PROVIDED RECORDS
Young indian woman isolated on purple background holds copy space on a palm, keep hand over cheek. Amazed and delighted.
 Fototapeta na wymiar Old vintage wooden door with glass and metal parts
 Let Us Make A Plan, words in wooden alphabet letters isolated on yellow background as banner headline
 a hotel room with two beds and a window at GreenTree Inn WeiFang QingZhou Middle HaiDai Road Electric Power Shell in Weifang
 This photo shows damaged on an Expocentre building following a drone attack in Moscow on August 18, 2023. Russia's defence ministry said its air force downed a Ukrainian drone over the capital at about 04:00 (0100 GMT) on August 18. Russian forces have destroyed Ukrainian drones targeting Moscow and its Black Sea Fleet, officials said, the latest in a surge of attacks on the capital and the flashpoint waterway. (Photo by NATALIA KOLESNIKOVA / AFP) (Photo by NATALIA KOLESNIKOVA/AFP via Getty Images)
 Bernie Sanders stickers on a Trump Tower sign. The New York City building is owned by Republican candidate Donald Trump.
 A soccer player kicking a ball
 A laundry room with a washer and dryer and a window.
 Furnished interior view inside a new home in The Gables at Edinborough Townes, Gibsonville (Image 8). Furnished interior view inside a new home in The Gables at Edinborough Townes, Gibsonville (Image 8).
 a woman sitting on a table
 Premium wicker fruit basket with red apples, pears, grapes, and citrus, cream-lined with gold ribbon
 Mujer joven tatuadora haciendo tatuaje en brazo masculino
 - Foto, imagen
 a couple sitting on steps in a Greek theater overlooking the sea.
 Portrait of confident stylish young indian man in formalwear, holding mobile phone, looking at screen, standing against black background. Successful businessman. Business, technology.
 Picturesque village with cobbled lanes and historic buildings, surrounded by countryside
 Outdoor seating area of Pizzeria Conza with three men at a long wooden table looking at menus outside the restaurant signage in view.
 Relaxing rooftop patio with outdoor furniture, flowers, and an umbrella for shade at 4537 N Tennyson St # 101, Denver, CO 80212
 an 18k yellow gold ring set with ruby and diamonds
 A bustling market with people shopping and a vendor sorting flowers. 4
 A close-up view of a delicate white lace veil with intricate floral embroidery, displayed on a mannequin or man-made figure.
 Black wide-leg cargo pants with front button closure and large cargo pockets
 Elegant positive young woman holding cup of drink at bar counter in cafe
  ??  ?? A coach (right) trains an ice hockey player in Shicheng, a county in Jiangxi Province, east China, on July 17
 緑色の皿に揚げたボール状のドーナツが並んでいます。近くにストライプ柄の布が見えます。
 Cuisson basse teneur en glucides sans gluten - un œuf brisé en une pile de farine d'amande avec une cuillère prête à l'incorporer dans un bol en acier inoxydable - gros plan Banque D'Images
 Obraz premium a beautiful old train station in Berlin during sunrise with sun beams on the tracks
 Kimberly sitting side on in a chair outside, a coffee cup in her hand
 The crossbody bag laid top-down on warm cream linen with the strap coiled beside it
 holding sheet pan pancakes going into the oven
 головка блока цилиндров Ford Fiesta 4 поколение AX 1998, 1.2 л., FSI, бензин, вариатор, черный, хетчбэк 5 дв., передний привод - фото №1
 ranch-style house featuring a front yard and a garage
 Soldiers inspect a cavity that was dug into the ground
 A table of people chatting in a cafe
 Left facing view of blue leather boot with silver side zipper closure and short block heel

GOAL OF THE EXERCISE
Repeat, character for character, the lines of the material above from the line with "China, on July 17" through the line with "緑色の皿に揚げたボール状のド".

OUTPUT FOR THIS TASK
  ??  ?? A coach (right) trains an ice hockey player in Shicheng, a county in Jiangxi Province, east China, on July 17
 緑色の皿に揚げたボール状のドーナツが並んでいます。近くにストライプ柄の布が見えます。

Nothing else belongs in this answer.